Frekuensi 2,6 GHz Tepat untuk Percepatan 5G di Indonesia

Frekuensi 2,6 GHz Tepat untuk Percepatan 5G di Indonesia

Bisnis.com, JAKARTA — Akademisi menilai pita frekuensi 2,6 GHz menjadi salah satu kandidat menarik untuk mendukung percepatan jaringan 5G di Indonesia yang saat ini penetrasinya masih rendah. 

Data ATSI menyebut penetrasi 4G sudah di atas 97% dari total pemukiman Indonesia. Sementara 5G masih 4,4%. 

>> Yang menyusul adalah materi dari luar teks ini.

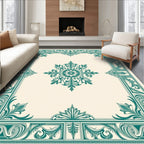 Victorian Teal Floral Square Rug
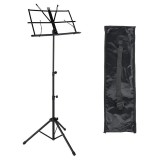 Stativ partitura, pliabil, cleme prindere, husa transport, 50 x 30 x 150 cm, otel, negru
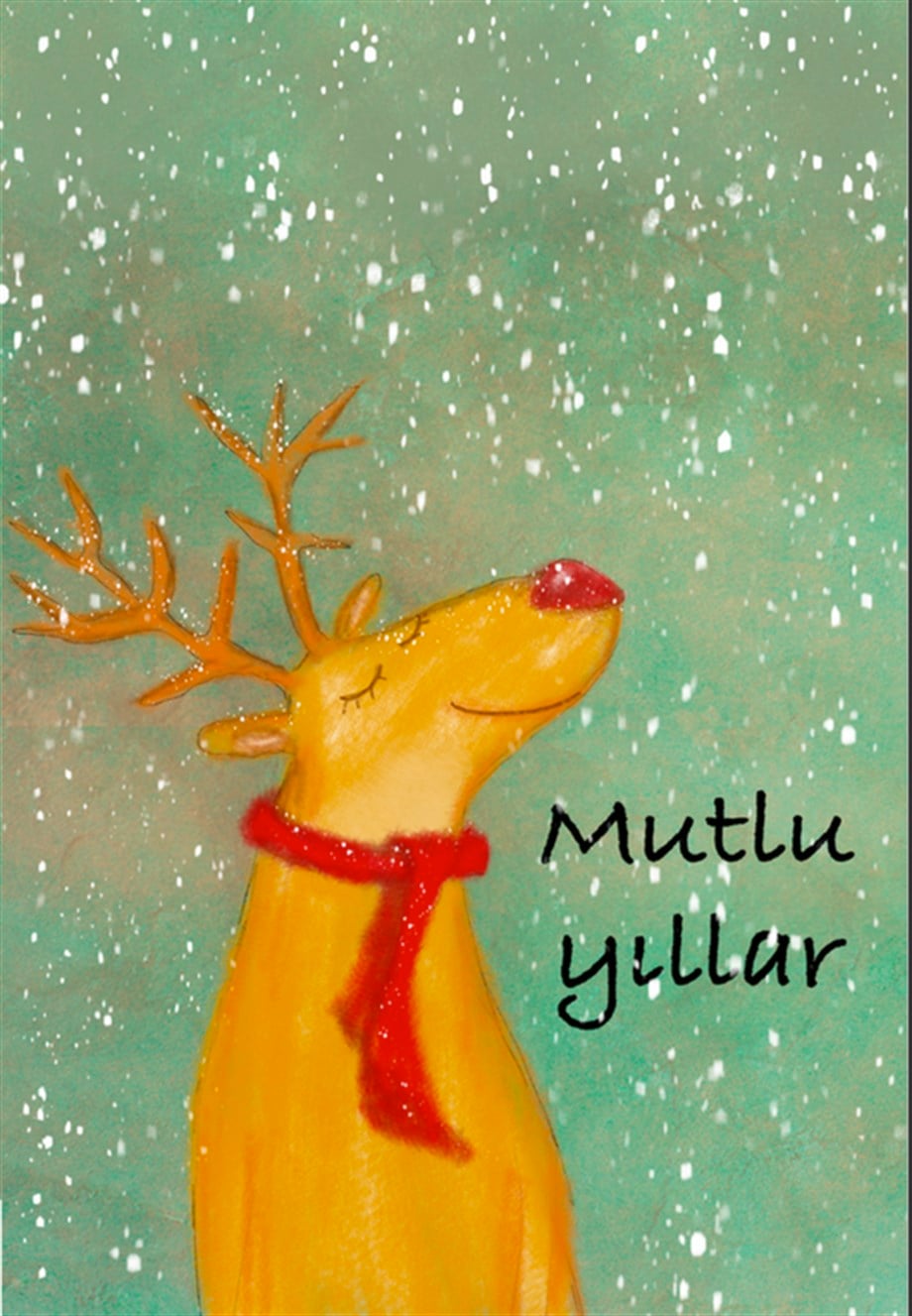Şeyler Bulucu Tebrik Kartı, Kartpostal Geyik Mutlu Yıllar Yeşil_SBKART001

Ketua Pusat Kajian Kebijakan dan Regulasi Telekomunikasi, Ian Yosef M. Edward, mengatakan frekuensi yang tepat untuk diterapkan saat ini adalah 2,6 GHz karena sudah siap pakai.

Di luar 2,6 GHz terdapat pita 3,5 GHz. Namun pita tengah 3,5 GHz masih digunakan oleh pemain satelit. Sementara 2,6 GHz sudah kosong sejak 11 bulan lalu. 

“Frekuensi yang baik untuk kita ini, jadi 2,6. Ya, soalnya yang sekarang ini sudah dibebaskan oleh Indonesia. Sebelumnya, frekuensi 2,6 dipakai oleh satelit dan TV berbayar. Sekarang sudah bebas, sudah kosong, sejak Januari 2025,” ujar Ian dalam acara Bisnis Indonesia Forum dengan tema Menanti Frekuensi Baru Demi Akselerasi Digital dan Pertumbuhan Ekonomi Indonesia, Selasa (23/12/2025).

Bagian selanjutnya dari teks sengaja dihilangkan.